Сестра огляделась, останавливая взгляд на каждой трещинке, каждой дырке, образовавшихся за время ее отсутствия.
– Иногда я по тебе скучаю.
Я сел на пол. Энола осталась сидеть в кресле. Первый шаг навстречу друг другу.
– Когда ты мне позвонила, то напугала до чертиков. Нагадала себе что-нибудь страшное?
– Я не хочу об этом говорить.
Сестра сунула мизинец в небольшую дырочку на потертой обивке подлокотника кресла.
– Зачем ты перенес свои вещи в гостиную?
– Так проще, тут компьютер… Проще искать работу.
– Чем-то пахнет… В доме всегда так пахло?
– А как, по-твоему, здесь должно пахнуть?

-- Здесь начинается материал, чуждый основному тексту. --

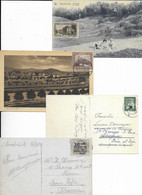 LOT OF 4 POSTCARDS WITH STAMP SAAR / SARRE . - Lots & Serien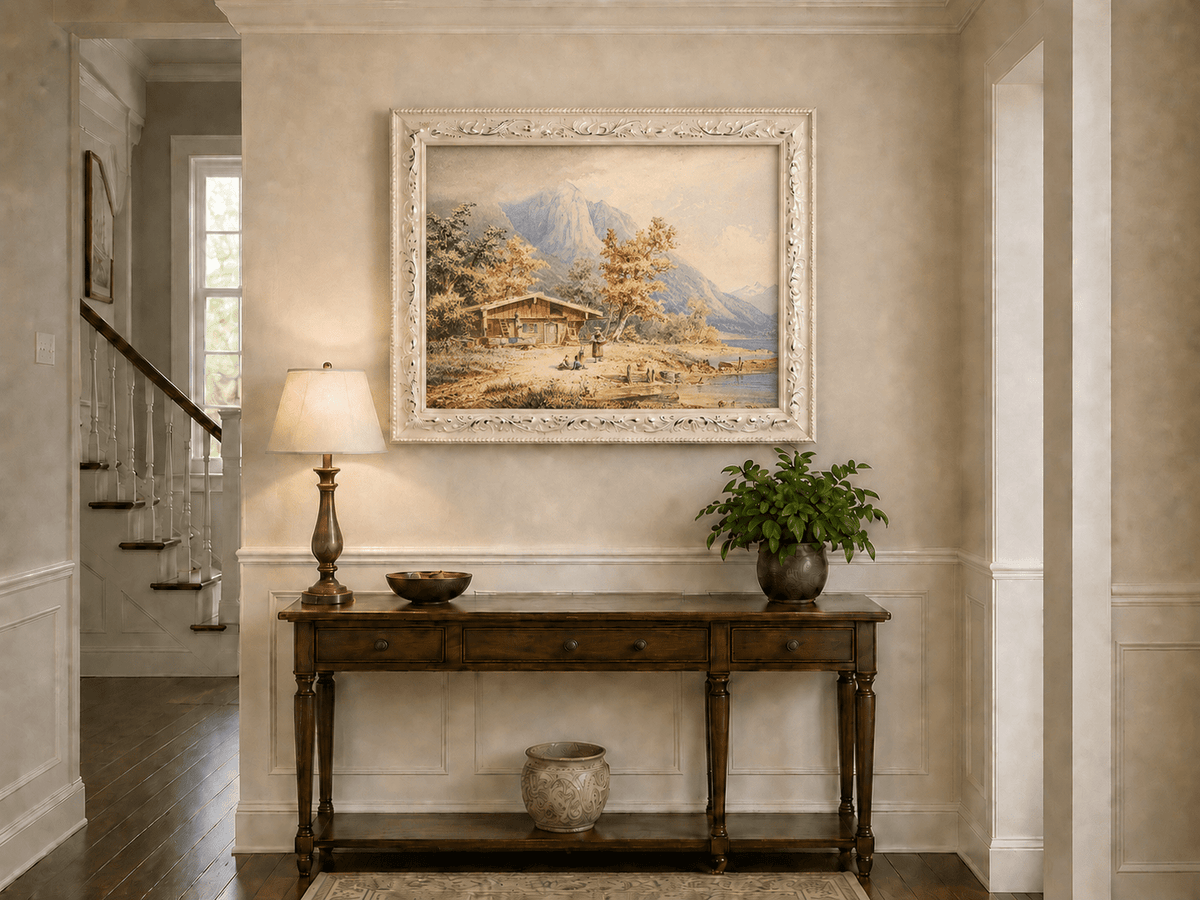Landscape Oil Painting - Lakeside Chalet and Alpine Mountains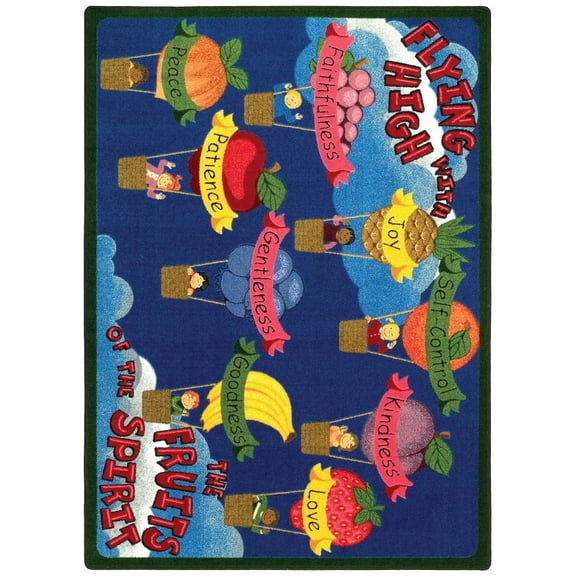 Joy Carpets Kid Essentials Fruits of the Spirit 5'4" x 7'8" Area Rug in Color Multi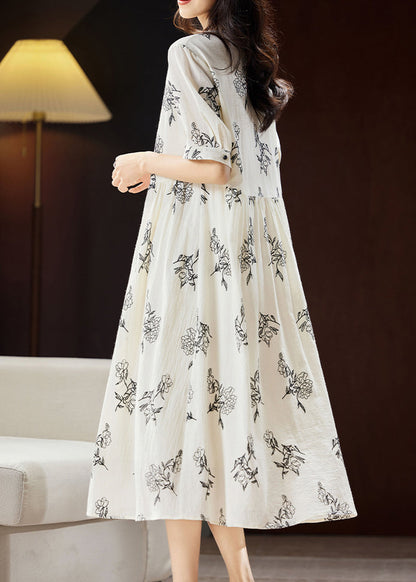 Beige Embroidered Patchwork Maxi Dress Short Sleeve Ww032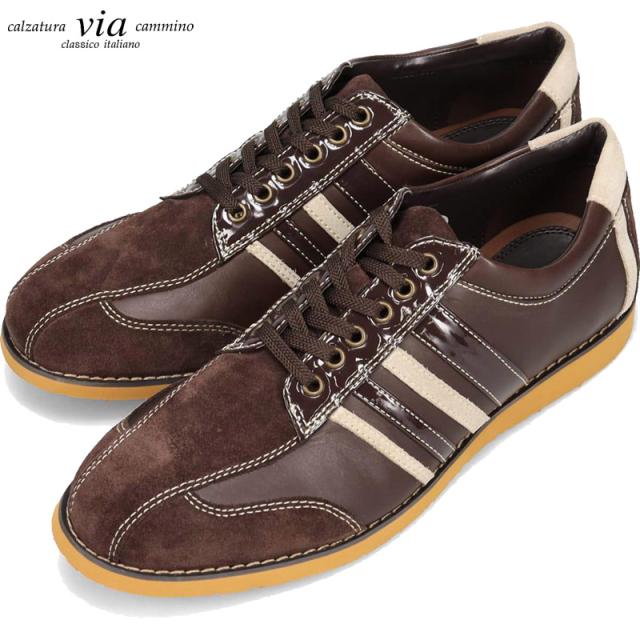 ３E 幅広 ヴィアカミーノ メンズ 軽量レザースニーカー VC1519 靴 シューズ カジュアル 本革 シンプル スタイリッシュ お出かけ 軽量 大人向け ブラウン 茶色 送料無料 via cammino VC1519
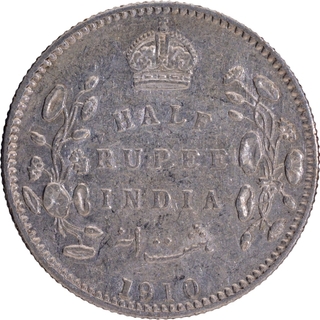 King Edward VII Silver Half Rupee Coin of the year 1910 of Bombay Mint.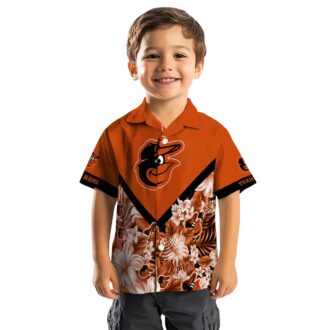Official Baltimore Orioles Floral Chevron Orange Hawaiian Shirt - MLB Team Personalized Aloha Shirt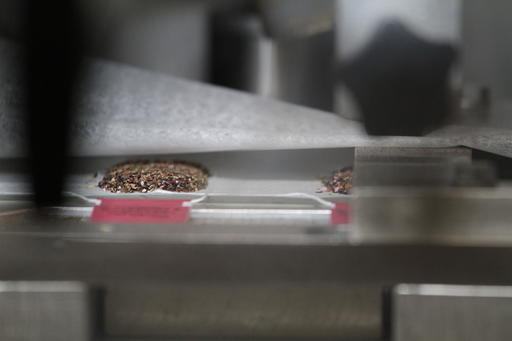 A machine produces tea bags at Taylors of Harrogate's blending and packaging facilities in Harrogate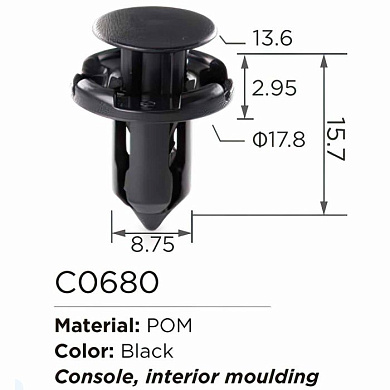 Клипса для крепления внутренней обшивки а/м GM пластиковая 100 шт Forsage C0680(GM)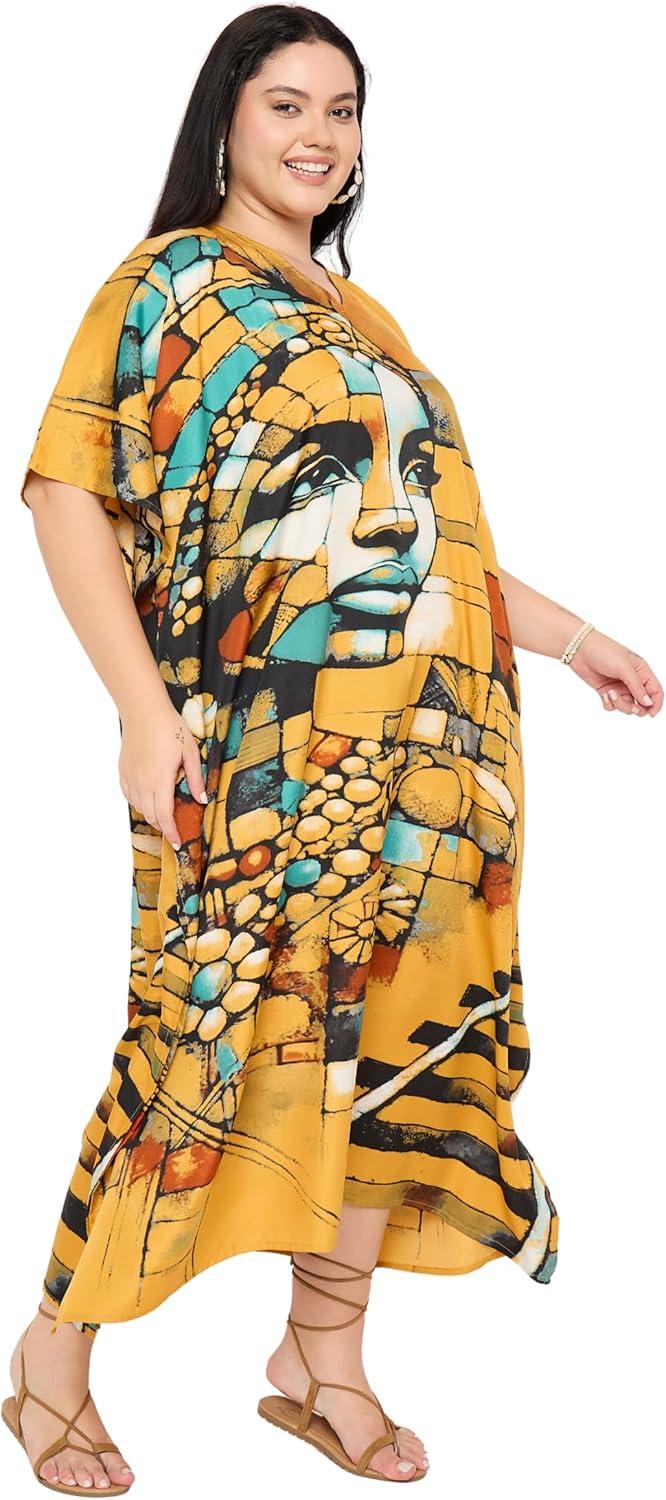imageWomen Plus Size Caftans Polyester Bathing Suit Cover Up Dubai Kaftan Maxi House Dresses for SummerOrange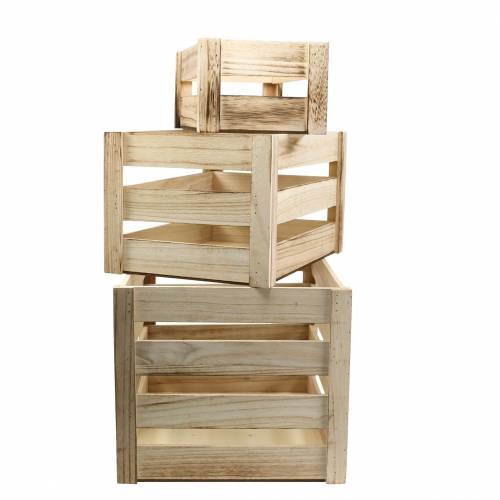 Floristik21 Holzkiste Natur Braun 43,5cm/37,7cm/31,8cm 3er-Set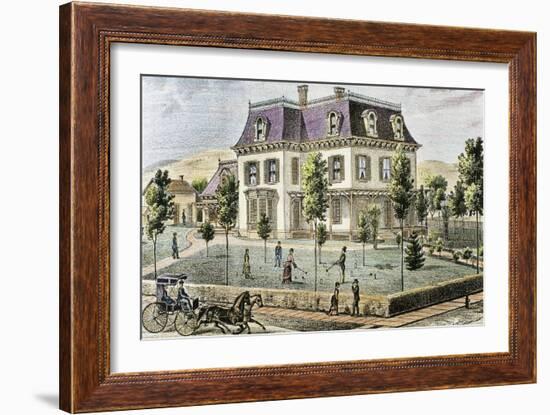 Residential Home with the Family Playing Cricket-Tarker-Framed Giclee Print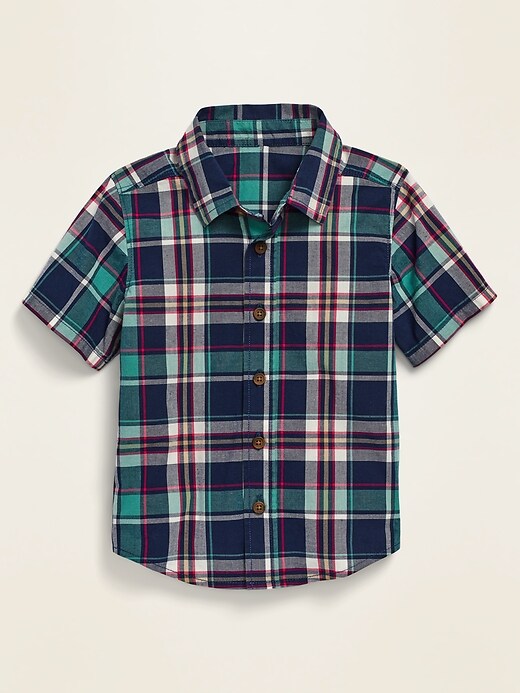 View large product image 1 of 1. Short-Sleeve Plaid Poplin Shirt for Toddler Boys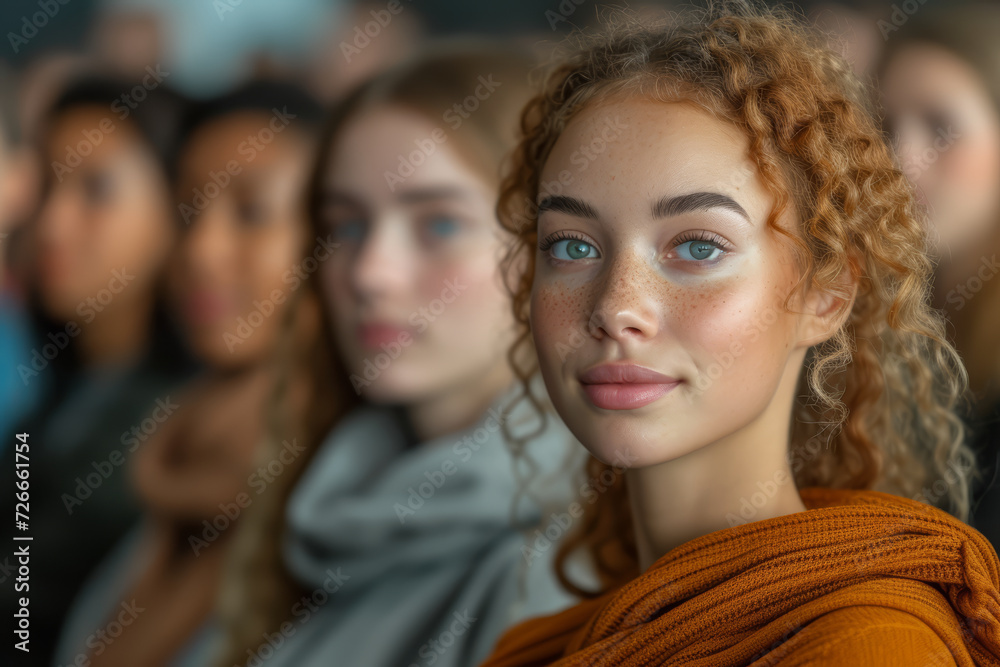 An unplanned photo of a multicultural audience at a cultural event, reflecting shared interests and diversity. Concept of cultural events and diverse participation. Generative Ai.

Дом пропах кофе, приготавливаемой в кухне пищей и немного морем. Сестра, не приложив, казалось, ни малейшего усилия, спрыгнула с кресла и приземлилась возле меня ворохом мешковатой одежды. Она подобрала валяющийся на полу листок бумаги и принялась рассеянно сгибать и разгибать уголок. Цирк «Эфемерный», 1981 год. Небольшой отрывок, посвященный прыгунам с вышки. В нем упомянуто имя моей бабушки. Сестра крутила уголок бумаги, зажав его между большим и указательным пальцами так, как европейка обычно делает с сигаретой.